Genome-wide scans for selection signatures in indigenous pigs revealed candidate genes relating to heat tolerance
Z.Q. Zhong,
R. Li,
Z. Wang,
S.S. Tian,
X.F. Xie,
Z.Y. Wang,
W. Na,
Q.S. Wang,
Y.C. Pan,
Q. Xiao
Affiliations
Z.Q. Zhong
Hainan Key Laboratory of Tropical Animal Reproduction & Breeding and Epidemic Disease Research, College of Animal Science and Technology, Hainan University, Haikou 570228, China
R. Li
Key Laboratory of Animal Genetics, Breeding and Reproduction of Shanxi Province, College of Animal Science and Technology, Northwest A&F University, Yangling 712100, China
Z. Wang
Department of Animal Science, College of Animal Science, Zhejiang University, Hangzhou 310058, China
S.S. Tian
Hainan Key Laboratory of Tropical Animal Reproduction & Breeding and Epidemic Disease Research, College of Animal Science and Technology, Hainan University, Haikou 570228, China
X.F. Xie
Hainan Key Laboratory of Tropical Animal Reproduction & Breeding and Epidemic Disease Research, College of Animal Science and Technology, Hainan University, Haikou 570228, China
Z.Y. Wang
Hainan Key Laboratory of Tropical Animal Reproduction & Breeding and Epidemic Disease Research, College of Animal Science and Technology, Hainan University, Haikou 570228, China
W. Na
Hainan Key Laboratory of Tropical Animal Reproduction & Breeding and Epidemic Disease Research, College of Animal Science and Technology, Hainan University, Haikou 570228, China
Q.S. Wang
Hainan Yazhou Bay Seed Laboratory, Yongyou Industrial Park, Yazhou Bay Sci-Tech City, Sanya 572025, China; Department of Animal Science, College of Animal Science, Zhejiang University, Hangzhou 310058, China
Y.C. Pan
Hainan Yazhou Bay Seed Laboratory, Yongyou Industrial Park, Yazhou Bay Sci-Tech City, Sanya 572025, China; Department of Animal Science, College of Animal Science, Zhejiang University, Hangzhou 310058, China
Q. Xiao
Hainan Key Laboratory of Tropical Animal Reproduction & Breeding and Epidemic Disease Research, College of Animal Science and Technology, Hainan University, Haikou 570228, China; Corresponding author.

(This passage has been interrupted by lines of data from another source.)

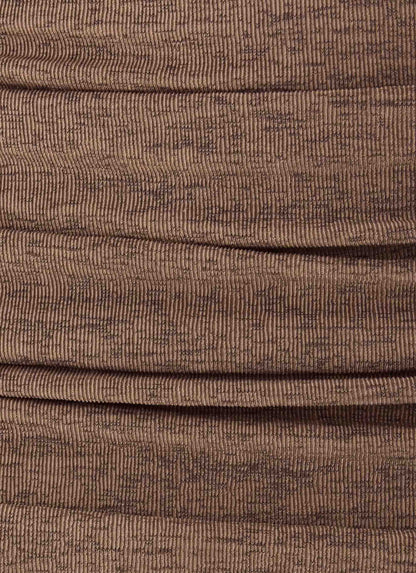 Zayde Midi Skirt - Taupe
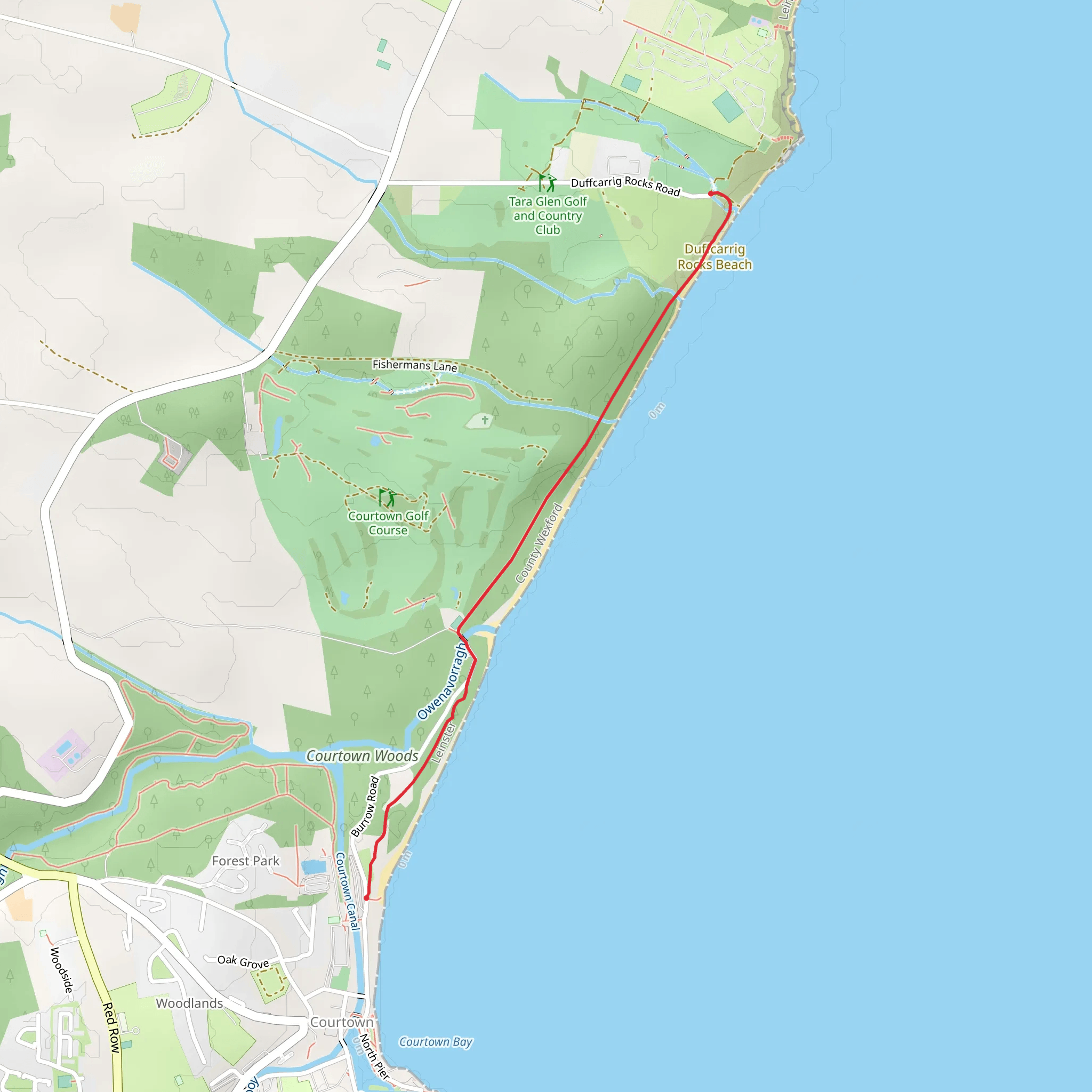 Courtown Kiltennel Trail mobile static map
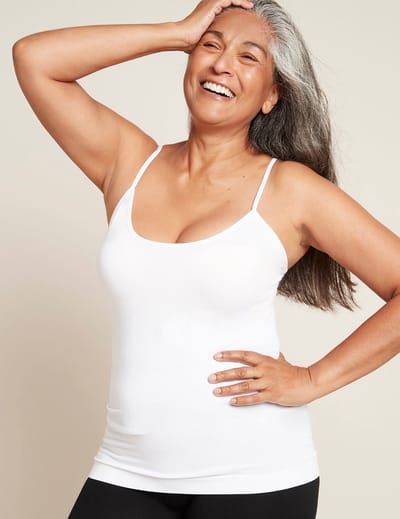 Boody - Bamboe Cami Top - Wit / L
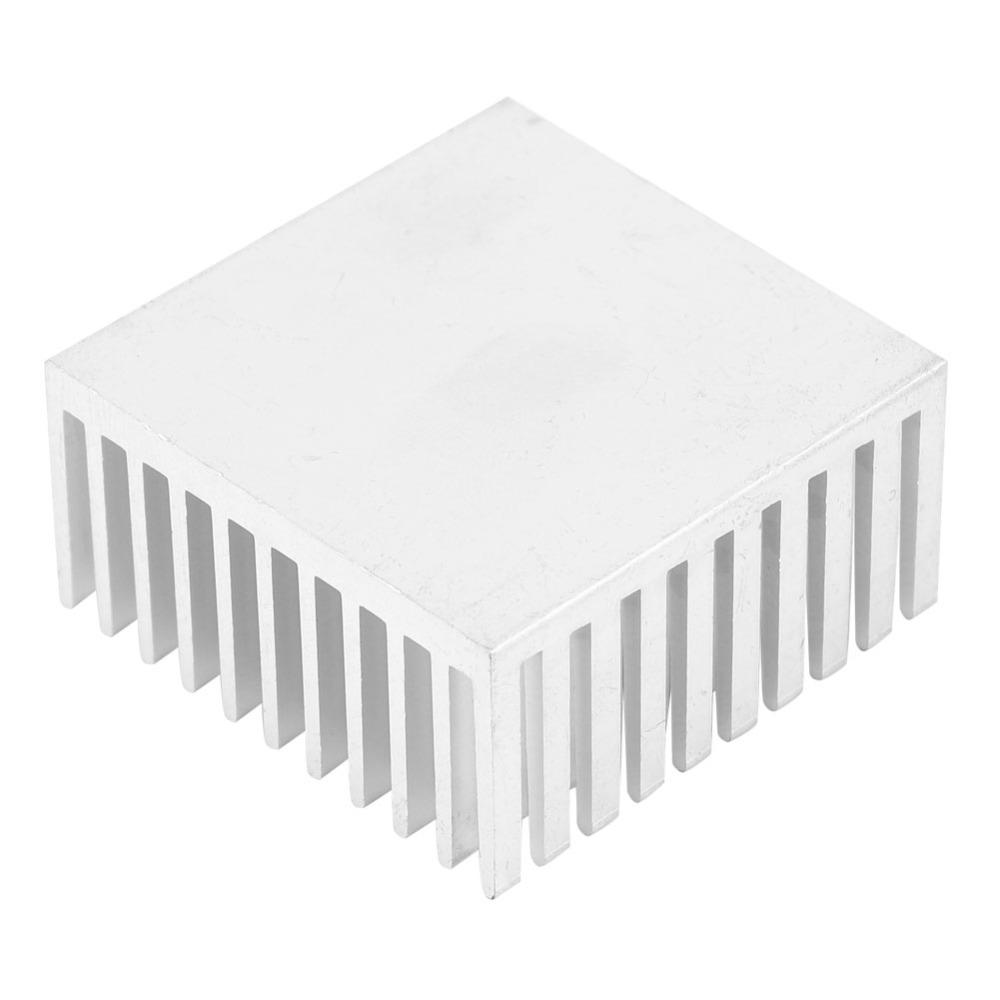 5Pcs Aluminum Aluminum Heatsink Silver/Black Radiator Heat Sink Printed Circuit Board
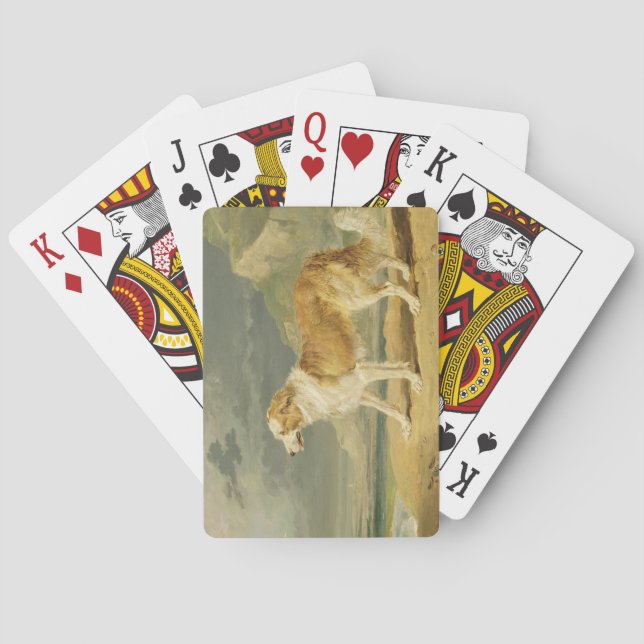 Jeu De Cartes Collie, 1809 (huile à bord) (dos)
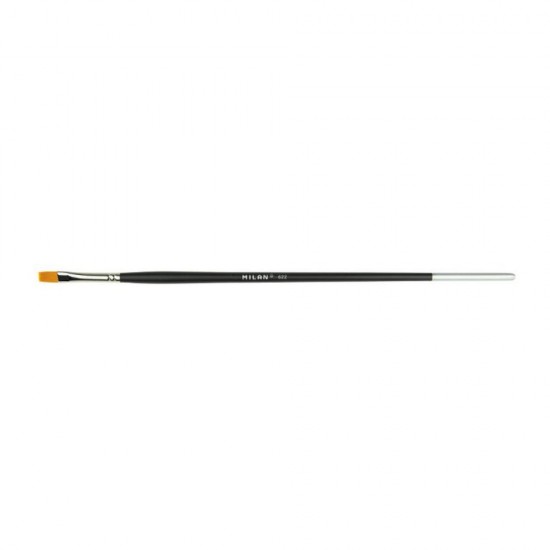Pensula Milan Seria 622, Numarul 0, Varf Drept, Par Sintetic, Pensule Milan, Pensule Pictura, Penson Pictura, Pensoane Pictura, Pensule pentru Pictura, Pensula Subtire, Pensule Desen, Pensule cu Varf Drept, Pensule Desen cu Par Sintetic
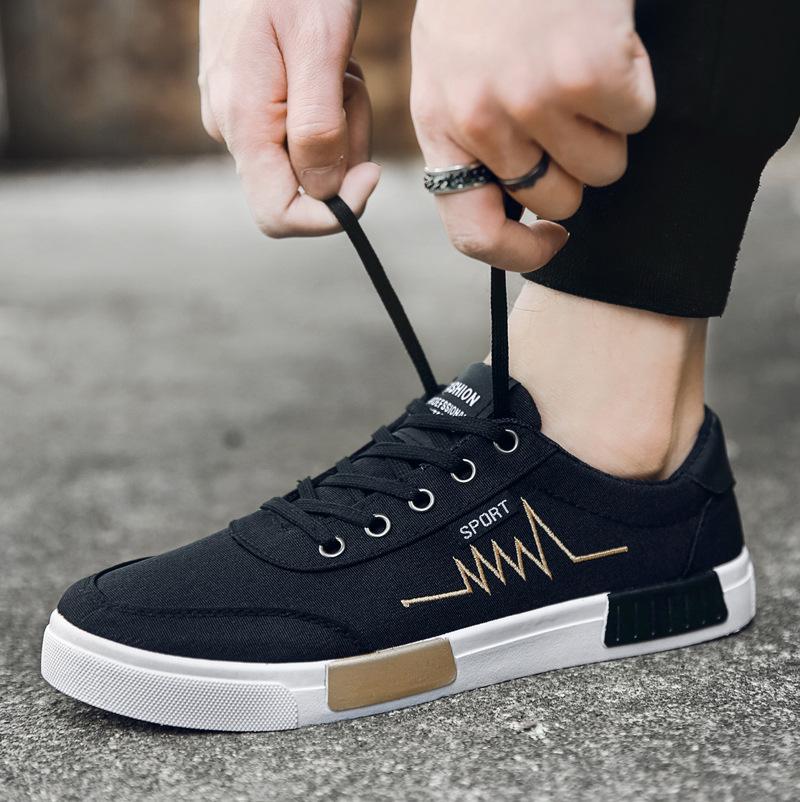 Модные тенденции Мужская обувь Повседневная обувь из ткани для дикой моды Мужская обувь — фото 4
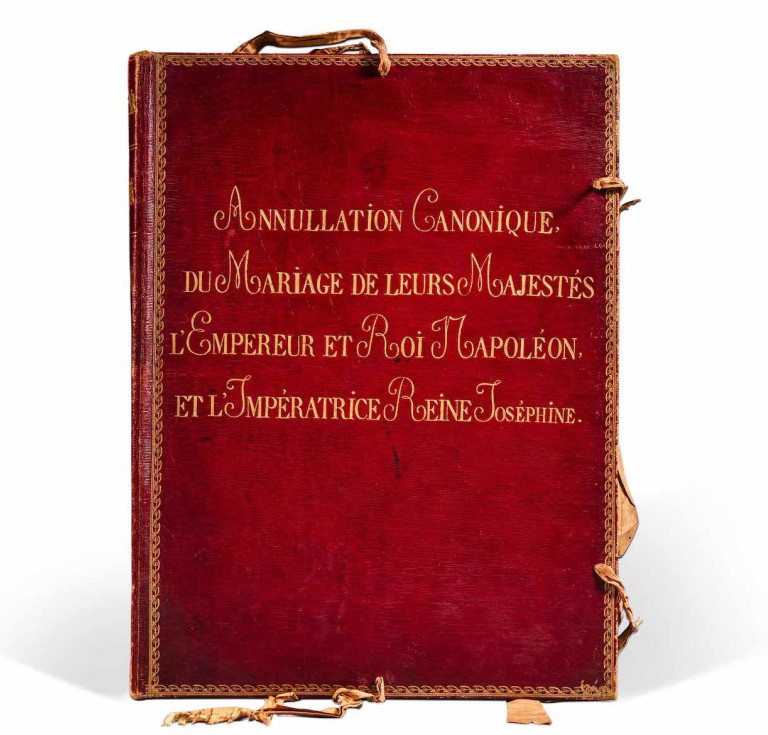 A large red folio originally containing all official documents of Napoleon’s divorce to Joséphine Estimate: €50,000 - €80,000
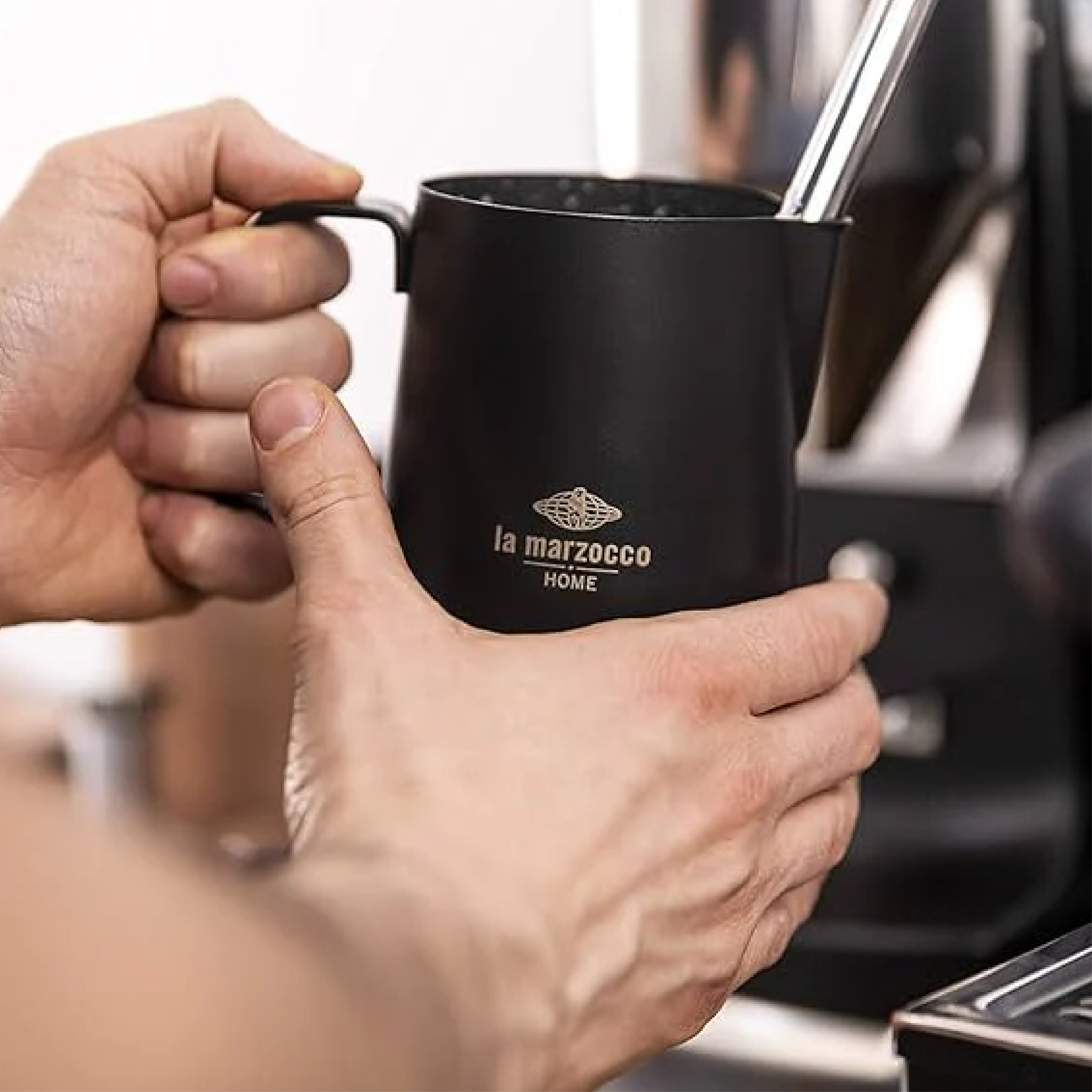 La Marzocco Matt Black Milk Pitcher | lamarsacoffee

Heat stress is a major problem that constrains pig productivity. Understanding and identifying adaptation to heat stress has been the focus of recent studies, and the identification of genome-wide selection signatures can provide insights into the mechanisms of environmental adaptation. Here, we generated whole-genome re-sequencing data from six Chinese indigenous pig populations to identify genomic regions with selection signatures related to heat tolerance using multiple methods: three methods for intra-population analyses (Integrated Haplotype Score, Runs of Homozygosity and Nucleotide diversity Analysis) and three methods for inter-population analyses (Fixation index (FST), Cross-population Composite Likelihood Ratio and Cross-population Extended Haplotype Homozygosity). In total, 1 966 796 single nucleotide polymorphisms were identified in this study. Genetic structure analyses and FST indicated differentiation among these breeds. Based on information on the location environment, the six breeds were divided into heat and cold groups. By combining two or more approaches for selection signatures, outlier signals in overlapping regions were identified as candidate selection regions. A total of 163 candidate genes were identified, of which, 29 were associated with heat stress injury and anti-inflammatory effects. These candidate genes were further associated with 78 Gene Ontology functional terms and 30 Kyoto Encyclopedia of Genes and Genomes pathways in enrichment analysis (P < 0.05). Some of these have clear relevance to heat resistance, such as the AMPK signalling pathway and the mTOR signalling pathway. The results improve our understanding of the selection mechanisms responsible for heat resistance in pigs and provide new insights of introgression in heat adaptation.